Significant gentrification of the Over the Rhine community began just before and continued after the period of civil unrest, as developers found property values low enough to allow acquisition and redevelopment. A number of tech companies and nightlife spots have opened in the neighborhood. By 2007, several new community events had been organized. Several large Cincinnati companies, including Fifth Third Bank, Procter & Gamble and Kroger, announced support for reforms in the city, such as investment in schools and minority-hiring programs.

Police behavior and protocols were investigated, and changes were made to improve training and interaction with the community. On the ten-year anniversary of the protests and civil unrest, Cincinnati Enquirer reported that "[t]he riots neither initiated the racial tension nor the police reforms, but accelerated both." Among the reforms were the following:

- Training officers to deal with "low-light situations" (such as the alley where Timothy Thomas was fatally shot).
- Training officers how to recognize suspects' potential mental health issues and how to interact with mentally ill people.
- Cincinnati patrol cars were equipped with computers to give police officers access to complete and detailed criminal records.
- Changes in the department's "foot pursuit policy," requiring officers to "assess whether a pursuit is appropriate, taking into consideration the seriousness of the offense, whether the suspect is armed and their ability to apprehend at a later date."
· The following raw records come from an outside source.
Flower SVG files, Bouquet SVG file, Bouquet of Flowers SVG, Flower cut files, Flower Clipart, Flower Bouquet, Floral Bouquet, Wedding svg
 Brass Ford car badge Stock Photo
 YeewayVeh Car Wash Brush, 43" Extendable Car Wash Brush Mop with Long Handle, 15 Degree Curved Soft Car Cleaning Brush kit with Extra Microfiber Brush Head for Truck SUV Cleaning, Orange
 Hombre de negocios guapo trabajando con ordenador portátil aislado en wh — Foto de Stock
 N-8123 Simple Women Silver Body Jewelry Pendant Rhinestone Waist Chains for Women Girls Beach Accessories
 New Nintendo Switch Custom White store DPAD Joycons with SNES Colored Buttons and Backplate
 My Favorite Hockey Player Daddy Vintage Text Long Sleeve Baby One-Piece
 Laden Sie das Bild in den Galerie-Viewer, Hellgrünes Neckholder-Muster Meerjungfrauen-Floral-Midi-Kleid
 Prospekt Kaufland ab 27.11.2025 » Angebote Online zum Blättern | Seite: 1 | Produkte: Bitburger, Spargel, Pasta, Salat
- Requiring officers to complete "contact cards" after traffic stops, noting details about the car's driver and passengers, including race. This change arose from complaints of racial profiling in traffic stops.
- The Citizens Complaint Authority was created in 2002 to independently review all "serious uses of force" by police officers.
- In late 2003 the city 'updated Tasers for all officers after the death of Nathaniel Jones, an African-American man with drugs in his system." Jones died after officers "hit him repeatedly with their batons."